## Supplied records:

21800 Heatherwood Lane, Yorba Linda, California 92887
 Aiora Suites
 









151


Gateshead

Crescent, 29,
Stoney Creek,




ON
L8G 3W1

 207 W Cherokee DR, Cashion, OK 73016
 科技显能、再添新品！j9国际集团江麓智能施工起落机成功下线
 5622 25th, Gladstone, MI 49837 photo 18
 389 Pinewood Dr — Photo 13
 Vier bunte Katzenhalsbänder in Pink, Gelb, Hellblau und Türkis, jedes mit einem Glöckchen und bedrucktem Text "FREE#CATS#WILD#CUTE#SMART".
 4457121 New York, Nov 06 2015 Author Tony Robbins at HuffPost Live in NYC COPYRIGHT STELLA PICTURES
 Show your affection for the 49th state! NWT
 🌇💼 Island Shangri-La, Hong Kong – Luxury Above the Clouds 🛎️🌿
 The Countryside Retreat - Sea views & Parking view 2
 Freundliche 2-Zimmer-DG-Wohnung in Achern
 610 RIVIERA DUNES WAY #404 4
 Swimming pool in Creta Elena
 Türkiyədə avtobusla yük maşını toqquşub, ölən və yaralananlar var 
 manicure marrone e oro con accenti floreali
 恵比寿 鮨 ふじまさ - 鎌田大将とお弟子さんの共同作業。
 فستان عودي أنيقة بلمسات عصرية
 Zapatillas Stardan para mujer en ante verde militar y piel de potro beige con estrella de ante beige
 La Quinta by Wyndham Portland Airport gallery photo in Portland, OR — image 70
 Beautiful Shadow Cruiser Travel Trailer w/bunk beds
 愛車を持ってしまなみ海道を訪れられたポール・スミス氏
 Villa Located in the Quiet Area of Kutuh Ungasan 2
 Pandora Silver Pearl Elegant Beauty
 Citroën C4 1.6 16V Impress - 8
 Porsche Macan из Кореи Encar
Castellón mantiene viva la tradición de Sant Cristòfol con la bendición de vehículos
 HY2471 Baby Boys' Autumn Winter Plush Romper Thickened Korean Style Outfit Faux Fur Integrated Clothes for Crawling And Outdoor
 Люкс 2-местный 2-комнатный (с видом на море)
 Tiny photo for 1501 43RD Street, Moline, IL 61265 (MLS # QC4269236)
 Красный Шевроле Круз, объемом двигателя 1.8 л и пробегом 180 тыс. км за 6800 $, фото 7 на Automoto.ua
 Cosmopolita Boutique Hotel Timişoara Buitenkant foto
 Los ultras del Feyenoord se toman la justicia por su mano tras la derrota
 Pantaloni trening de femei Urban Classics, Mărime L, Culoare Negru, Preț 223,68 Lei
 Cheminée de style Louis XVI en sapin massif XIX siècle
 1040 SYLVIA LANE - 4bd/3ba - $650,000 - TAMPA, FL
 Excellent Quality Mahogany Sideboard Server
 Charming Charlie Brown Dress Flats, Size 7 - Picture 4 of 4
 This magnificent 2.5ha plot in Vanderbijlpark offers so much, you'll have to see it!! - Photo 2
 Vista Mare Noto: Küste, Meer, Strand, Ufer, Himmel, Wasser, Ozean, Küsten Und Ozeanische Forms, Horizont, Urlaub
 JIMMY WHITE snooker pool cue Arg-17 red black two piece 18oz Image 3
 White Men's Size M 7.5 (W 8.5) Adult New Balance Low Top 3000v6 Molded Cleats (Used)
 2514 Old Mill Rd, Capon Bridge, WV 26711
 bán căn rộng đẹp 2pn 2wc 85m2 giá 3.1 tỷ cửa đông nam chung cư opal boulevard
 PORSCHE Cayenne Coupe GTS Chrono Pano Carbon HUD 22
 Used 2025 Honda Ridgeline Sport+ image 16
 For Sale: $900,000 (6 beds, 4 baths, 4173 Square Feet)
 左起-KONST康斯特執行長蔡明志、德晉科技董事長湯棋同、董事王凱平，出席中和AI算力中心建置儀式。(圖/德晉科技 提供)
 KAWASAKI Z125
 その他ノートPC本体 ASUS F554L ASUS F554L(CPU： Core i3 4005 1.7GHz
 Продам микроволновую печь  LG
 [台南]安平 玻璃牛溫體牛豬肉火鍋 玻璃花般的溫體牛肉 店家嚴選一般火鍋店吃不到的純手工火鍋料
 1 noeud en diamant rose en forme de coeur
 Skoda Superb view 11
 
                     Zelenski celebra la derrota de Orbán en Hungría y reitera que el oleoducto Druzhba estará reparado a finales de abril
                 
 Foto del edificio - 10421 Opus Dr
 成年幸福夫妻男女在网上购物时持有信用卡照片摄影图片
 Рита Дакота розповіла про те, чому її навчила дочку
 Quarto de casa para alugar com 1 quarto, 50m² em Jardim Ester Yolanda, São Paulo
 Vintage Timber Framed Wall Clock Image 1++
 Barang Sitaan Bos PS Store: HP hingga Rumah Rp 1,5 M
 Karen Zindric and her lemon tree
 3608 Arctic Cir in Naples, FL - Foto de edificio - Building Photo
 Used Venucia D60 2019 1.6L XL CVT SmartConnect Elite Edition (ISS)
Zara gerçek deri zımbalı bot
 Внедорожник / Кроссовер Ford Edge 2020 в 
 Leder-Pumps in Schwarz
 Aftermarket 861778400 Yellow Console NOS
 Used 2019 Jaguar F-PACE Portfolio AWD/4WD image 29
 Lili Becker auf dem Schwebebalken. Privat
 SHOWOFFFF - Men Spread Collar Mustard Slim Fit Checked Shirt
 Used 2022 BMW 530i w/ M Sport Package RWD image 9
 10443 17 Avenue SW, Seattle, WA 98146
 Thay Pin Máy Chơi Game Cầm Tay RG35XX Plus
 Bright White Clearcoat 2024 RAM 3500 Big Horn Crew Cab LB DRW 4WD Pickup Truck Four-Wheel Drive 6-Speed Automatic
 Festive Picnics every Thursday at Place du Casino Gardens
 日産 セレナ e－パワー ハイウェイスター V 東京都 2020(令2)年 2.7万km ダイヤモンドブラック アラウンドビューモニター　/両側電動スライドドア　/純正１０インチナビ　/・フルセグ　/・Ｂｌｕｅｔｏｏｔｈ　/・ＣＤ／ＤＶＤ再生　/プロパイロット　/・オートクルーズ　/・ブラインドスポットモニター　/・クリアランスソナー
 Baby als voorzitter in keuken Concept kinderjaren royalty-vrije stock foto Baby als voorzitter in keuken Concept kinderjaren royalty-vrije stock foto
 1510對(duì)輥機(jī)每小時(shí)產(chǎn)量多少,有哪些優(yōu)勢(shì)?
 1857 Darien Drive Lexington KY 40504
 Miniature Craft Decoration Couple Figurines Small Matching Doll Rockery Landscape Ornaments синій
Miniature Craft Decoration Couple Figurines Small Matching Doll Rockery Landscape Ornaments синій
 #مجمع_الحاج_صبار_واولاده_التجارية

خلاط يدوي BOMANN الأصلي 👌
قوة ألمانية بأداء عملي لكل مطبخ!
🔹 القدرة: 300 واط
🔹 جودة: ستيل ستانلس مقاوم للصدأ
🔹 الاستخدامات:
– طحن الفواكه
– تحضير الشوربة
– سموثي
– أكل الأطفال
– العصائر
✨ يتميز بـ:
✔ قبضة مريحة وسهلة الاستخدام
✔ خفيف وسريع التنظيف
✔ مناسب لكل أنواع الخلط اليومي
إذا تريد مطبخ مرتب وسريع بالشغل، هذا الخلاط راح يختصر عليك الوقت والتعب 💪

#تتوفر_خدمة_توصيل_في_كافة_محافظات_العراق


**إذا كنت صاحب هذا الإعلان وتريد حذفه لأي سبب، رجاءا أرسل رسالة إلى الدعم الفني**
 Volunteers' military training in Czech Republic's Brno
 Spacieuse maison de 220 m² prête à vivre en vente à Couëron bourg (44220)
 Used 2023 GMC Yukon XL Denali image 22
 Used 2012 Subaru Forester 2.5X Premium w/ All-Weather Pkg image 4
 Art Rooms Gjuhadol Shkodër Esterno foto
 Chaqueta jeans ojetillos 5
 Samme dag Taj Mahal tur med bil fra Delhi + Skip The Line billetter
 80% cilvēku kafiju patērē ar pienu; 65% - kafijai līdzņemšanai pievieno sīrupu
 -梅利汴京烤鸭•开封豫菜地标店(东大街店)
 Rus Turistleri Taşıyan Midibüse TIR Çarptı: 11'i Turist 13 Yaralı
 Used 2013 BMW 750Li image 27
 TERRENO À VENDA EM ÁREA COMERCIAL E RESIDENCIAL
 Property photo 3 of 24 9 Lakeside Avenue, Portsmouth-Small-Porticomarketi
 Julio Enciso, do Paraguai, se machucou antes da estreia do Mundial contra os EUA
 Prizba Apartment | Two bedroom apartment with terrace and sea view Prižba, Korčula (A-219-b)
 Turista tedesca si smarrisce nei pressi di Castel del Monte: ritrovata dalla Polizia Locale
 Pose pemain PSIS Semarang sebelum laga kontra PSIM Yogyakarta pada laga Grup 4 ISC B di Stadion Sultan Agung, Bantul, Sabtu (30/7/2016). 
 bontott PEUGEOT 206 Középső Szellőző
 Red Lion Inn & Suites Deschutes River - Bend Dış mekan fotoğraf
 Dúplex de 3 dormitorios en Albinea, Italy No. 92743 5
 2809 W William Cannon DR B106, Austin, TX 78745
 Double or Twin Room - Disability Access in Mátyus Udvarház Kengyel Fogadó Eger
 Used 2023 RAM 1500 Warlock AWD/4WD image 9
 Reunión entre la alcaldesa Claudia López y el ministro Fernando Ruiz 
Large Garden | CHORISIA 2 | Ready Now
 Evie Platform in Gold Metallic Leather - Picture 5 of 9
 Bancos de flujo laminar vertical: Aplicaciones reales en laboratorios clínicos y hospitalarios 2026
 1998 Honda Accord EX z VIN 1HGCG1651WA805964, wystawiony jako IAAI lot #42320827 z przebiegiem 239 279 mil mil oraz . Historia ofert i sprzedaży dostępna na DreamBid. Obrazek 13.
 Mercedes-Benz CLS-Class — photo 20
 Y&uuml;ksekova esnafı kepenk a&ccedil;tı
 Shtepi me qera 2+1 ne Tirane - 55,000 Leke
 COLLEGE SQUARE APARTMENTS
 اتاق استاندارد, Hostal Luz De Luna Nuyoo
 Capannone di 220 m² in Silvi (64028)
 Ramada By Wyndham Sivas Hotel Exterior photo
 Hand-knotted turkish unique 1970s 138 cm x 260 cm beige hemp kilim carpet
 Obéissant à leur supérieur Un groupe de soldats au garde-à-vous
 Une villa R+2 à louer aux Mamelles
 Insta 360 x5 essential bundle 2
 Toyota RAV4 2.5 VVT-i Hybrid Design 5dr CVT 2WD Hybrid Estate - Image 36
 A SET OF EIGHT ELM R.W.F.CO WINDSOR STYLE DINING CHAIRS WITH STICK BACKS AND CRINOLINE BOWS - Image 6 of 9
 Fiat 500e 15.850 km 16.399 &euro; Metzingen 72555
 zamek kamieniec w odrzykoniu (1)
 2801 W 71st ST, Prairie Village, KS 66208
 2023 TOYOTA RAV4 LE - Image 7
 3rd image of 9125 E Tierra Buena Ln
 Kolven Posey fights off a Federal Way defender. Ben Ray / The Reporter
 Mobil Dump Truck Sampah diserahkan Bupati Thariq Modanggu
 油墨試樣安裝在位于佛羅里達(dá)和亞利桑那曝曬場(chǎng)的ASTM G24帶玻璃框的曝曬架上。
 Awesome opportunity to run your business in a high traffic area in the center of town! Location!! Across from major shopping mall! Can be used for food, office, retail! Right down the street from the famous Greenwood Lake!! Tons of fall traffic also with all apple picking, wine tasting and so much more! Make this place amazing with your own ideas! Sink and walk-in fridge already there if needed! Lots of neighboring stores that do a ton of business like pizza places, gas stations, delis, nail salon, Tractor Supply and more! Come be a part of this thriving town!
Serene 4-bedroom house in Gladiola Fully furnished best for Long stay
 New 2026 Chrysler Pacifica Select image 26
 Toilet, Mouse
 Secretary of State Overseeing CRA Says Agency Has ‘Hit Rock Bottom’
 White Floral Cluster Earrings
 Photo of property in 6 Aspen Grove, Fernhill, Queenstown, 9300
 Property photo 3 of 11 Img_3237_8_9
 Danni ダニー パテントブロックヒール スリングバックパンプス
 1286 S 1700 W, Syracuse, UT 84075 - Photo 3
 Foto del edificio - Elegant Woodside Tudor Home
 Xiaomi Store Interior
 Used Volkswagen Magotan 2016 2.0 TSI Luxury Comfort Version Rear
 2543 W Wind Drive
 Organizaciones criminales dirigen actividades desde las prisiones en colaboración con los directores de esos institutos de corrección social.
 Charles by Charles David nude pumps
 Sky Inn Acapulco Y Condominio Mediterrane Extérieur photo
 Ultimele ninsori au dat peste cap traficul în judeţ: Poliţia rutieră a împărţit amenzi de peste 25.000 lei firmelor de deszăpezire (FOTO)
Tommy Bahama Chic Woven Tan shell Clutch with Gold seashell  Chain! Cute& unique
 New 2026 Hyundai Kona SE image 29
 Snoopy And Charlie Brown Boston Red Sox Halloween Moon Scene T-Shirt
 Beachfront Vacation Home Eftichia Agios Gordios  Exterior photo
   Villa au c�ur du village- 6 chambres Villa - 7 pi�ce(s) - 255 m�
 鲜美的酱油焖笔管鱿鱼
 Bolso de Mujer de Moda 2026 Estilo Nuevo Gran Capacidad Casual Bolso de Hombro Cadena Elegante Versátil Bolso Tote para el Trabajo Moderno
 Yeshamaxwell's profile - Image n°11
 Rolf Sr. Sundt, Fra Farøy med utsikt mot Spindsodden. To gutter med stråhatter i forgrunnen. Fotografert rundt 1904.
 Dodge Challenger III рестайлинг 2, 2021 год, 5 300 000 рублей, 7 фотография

## Exercise aim:
Would you please repeat exactly the lines above, starting at the line with "2514 Old Mill Rd, Capon Bridge, WV 26711" and stopping at the line with "1510對(duì)輥機(j", both included?

## Exercise output:
 2514 Old Mill Rd, Capon Bridge, WV 26711
 bán căn rộng đẹp 2pn 2wc 85m2 giá 3.1 tỷ cửa đông nam chung cư opal boulevard
 PORSCHE Cayenne Coupe GTS Chrono Pano Carbon HUD 22
 Used 2025 Honda Ridgeline Sport+ image 16
 For Sale: $900,000 (6 beds, 4 baths, 4173 Square Feet)
 左起-KONST康斯特執行長蔡明志、德晉科技董事長湯棋同、董事王凱平，出席中和AI算力中心建置儀式。(圖/德晉科技 提供)
 KAWASAKI Z125
 その他ノートPC本体 ASUS F554L ASUS F554L(CPU： Core i3 4005 1.7GHz
 Продам микроволновую печь  LG
 [台南]安平 玻璃牛溫體牛豬肉火鍋 玻璃花般的溫體牛肉 店家嚴選一般火鍋店吃不到的純手工火鍋料
 1 noeud en diamant rose en forme de coeur
 Skoda Superb view 11
 
                     Zelenski celebra la derrota de Orbán en Hungría y reitera que el oleoducto Druzhba estará reparado a finales de abril
                 
 Foto del edificio - 10421 Opus Dr
 成年幸福夫妻男女在网上购物时持有信用卡照片摄影图片
 Рита Дакота розповіла про те, чому її навчила дочку
 Quarto de casa para alugar com 1 quarto, 50m² em Jardim Ester Yolanda, São Paulo
 Vintage Timber Framed Wall Clock Image 1++
 Barang Sitaan Bos PS Store: HP hingga Rumah Rp 1,5 M
 Karen Zindric and her lemon tree
 3608 Arctic Cir in Naples, FL - Foto de edificio - Building Photo
 Used Venucia D60 2019 1.6L XL CVT SmartConnect Elite Edition (ISS)
Zara gerçek deri zımbalı bot
 Внедорожник / Кроссовер Ford Edge 2020 в 
 Leder-Pumps in Schwarz
 Aftermarket 861778400 Yellow Console NOS
 Used 2019 Jaguar F-PACE Portfolio AWD/4WD image 29
 Lili Becker auf dem Schwebebalken. Privat
 SHOWOFFFF - Men Spread Collar Mustard Slim Fit Checked Shirt
 Used 2022 BMW 530i w/ M Sport Package RWD image 9
 10443 17 Avenue SW, Seattle, WA 98146
 Thay Pin Máy Chơi Game Cầm Tay RG35XX Plus
 Bright White Clearcoat 2024 RAM 3500 Big Horn Crew Cab LB DRW 4WD Pickup Truck Four-Wheel Drive 6-Speed Automatic
 Festive Picnics every Thursday at Place du Casino Gardens
 日産 セレナ e－パワー ハイウェイスター V 東京都 2020(令2)年 2.7万km ダイヤモンドブラック アラウンドビューモニター　/両側電動スライドドア　/純正１０インチナビ　/・フルセグ　/・Ｂｌｕｅｔｏｏｔｈ　/・ＣＤ／ＤＶＤ再生　/プロパイロット　/・オートクルーズ　/・ブラインドスポットモニター　/・クリアランスソナー
 Baby als voorzitter in keuken Concept kinderjaren royalty-vrije stock foto Baby als voorzitter in keuken Concept kinderjaren royalty-vrije stock foto
 1510對(duì)輥機(jī)每小時(shí)產(chǎn)量多少,有哪些優(yōu)勢(shì)?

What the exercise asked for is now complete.